Posted: February 4, 2010 in family
Tags: , ,

“We had a fight last night.”  Few families haven’t said that.

Most of us do verbal battle in our families, often at night when we are all home, and all tired. But that isn’t necessarily a bad thing. A certain degree of conflict is normal, even healthy! Conflict is needed to set things right when they have gone wrong.

My wife has confronted me several times in our marriage over spending too much time at work. As a result, we’ve made more space to be with each other more, to do more fun things together. Lately we’ve been walking together on the days we have off together.  Conflict, if resolved well, can bring about new peace and order in the family.

But how we will fight, now that is worth thinking about, because if we don’t fight well, in fair and productive ways, we can cause a lot of damage and even eventually ruin our relationships. Early in my marriage, I said somethings my wife still remembers thirty years later. I wish I had been able to control my mouth better.

What do families commonly fight over? They fight over significant issues of power and control in important areas of life:  money, in-laws, sex, children, homework, housework, jobs and friends. The underlying psychological reasons include our desire and need to control our lives, our instinctive drive to get our own needs met and the normal competition over the emotional and financial resources available.

In my family we have sometimes fought over how to discipline the children. Sometimes one of us has wanted to be tough on an issue and the other has wanted to be relaxed, to let things go. It’s classic; it’s the old war between the obeying the rules or relaxing and having fun, between having strict in discipline or creating a relaxed, easy going atmosphere. The truth is we need both in the family. Too much just-leave-them-alone and you get chaos and rebellion; too much hammering of the policy and the bedroom turns into a military barracks.

As a result it’s good to scrap about discipline once in a while, and to come to some middle ground between the police academy and an unspervised grade school playground.

Whatever the outcome, conflict should not be seen as something to avoid. The good family is not the family that never fights, but the one that knows how to fight in fair, appropriate ways. 

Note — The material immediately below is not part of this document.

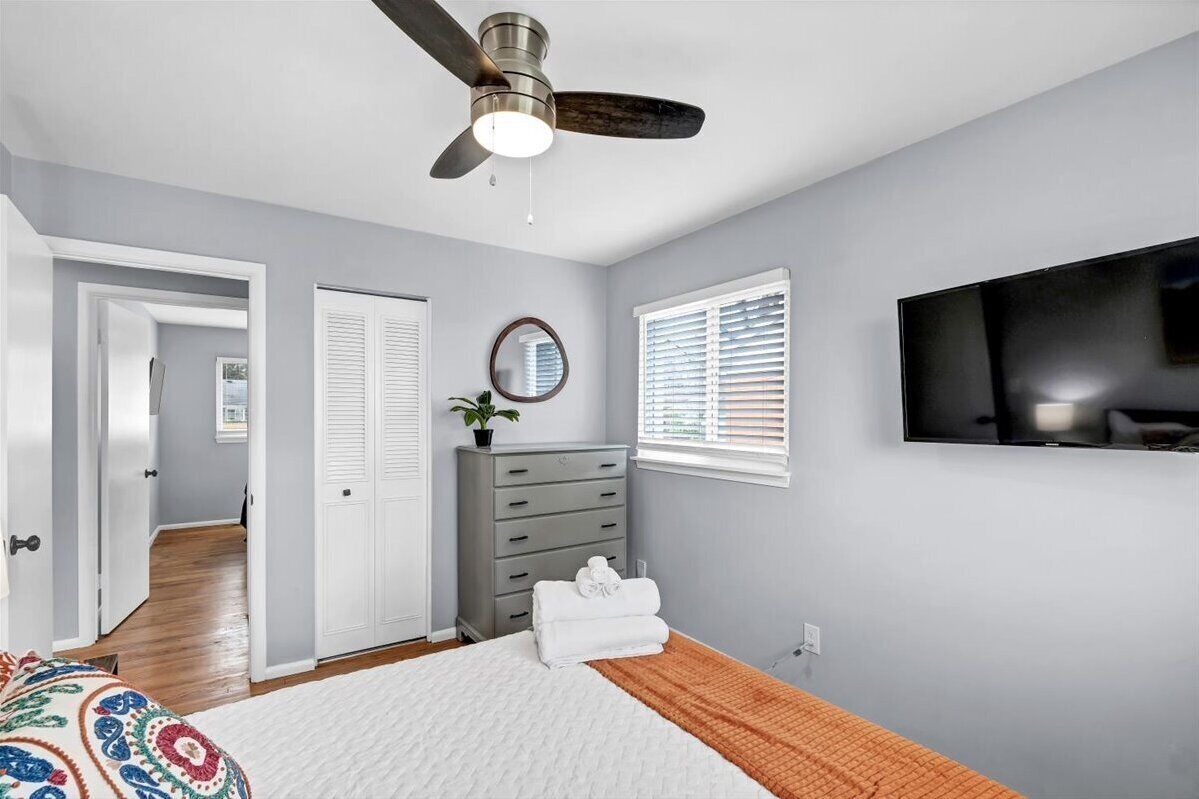 A bedroom with a bed, a dresser, a ceiling fan, a TV, and a window with blinds.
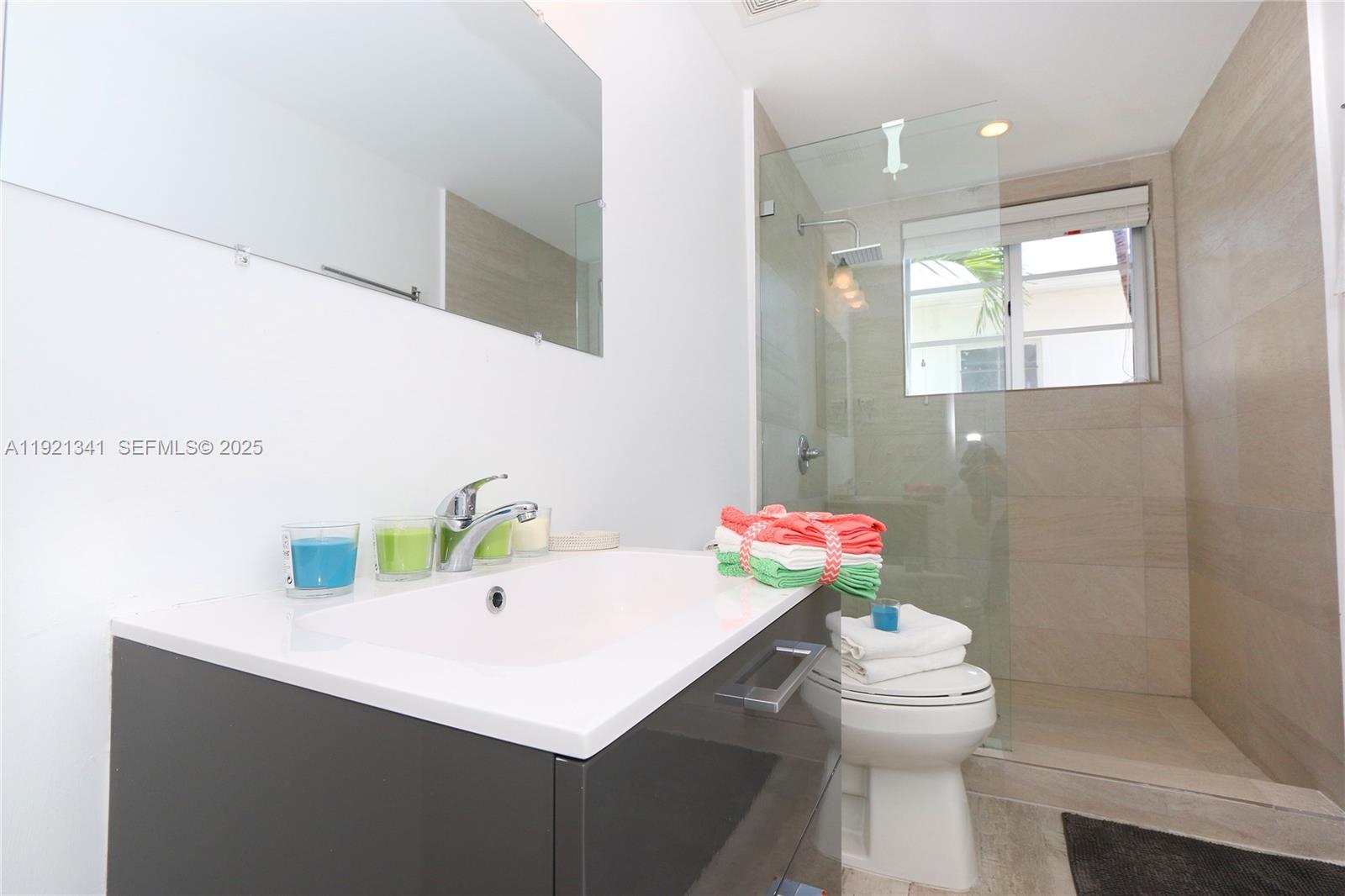 A modern bathroom features a vanity, a glass-enclosed shower, and a toilet — 811 Jefferson Ave # 105, Miami Beach FL 33139, MIAMI BEACH, FL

Here are a few rules for fighting. You’ll recognize some of these. They are borrowed, currently part of the common language and knowledge of good conflict resolution.

 1. Seek first to understand, then to be understood. The goal is to “Get it,” to really listen in such a way that you can truly understand how the other person feels and what they think.

2. Go for win-win outcome. That means you come to a solution both parties can live with.  Avoid win-lose solutions, where someone dominates the others. To help, remember that you are fighting for your relationship, not for a personal victory.

 3. Stay under control. Be kind.  Work hard not to be abusive, mean, cold, hard, inflexible. Giving full vent to your anger can cause a lot of damage.

 4. Give people space and time to process possible solutions if they want or need that. It’s great to work things out on the spot, before you go to bed, before it can build up. But sometimes, other people just need time to cool down and think a little. In that space they may even self-correct.

 5. Stick to the point. Avoid bringing in a bunch of other unresolved issues, and avoid personally attacking the character of the person you are disputing with.

 6.  Support your spouse in front of your kids. If you don’t agree with your spouse, set aside some space and time to talk it through later. Parents who are united can do a super job of dealing with kid issues.

 7. Avoid arguing late in the evening, when you are tired, when you have the least control.

 8. Ask for forgiveness, and be willing to forgive.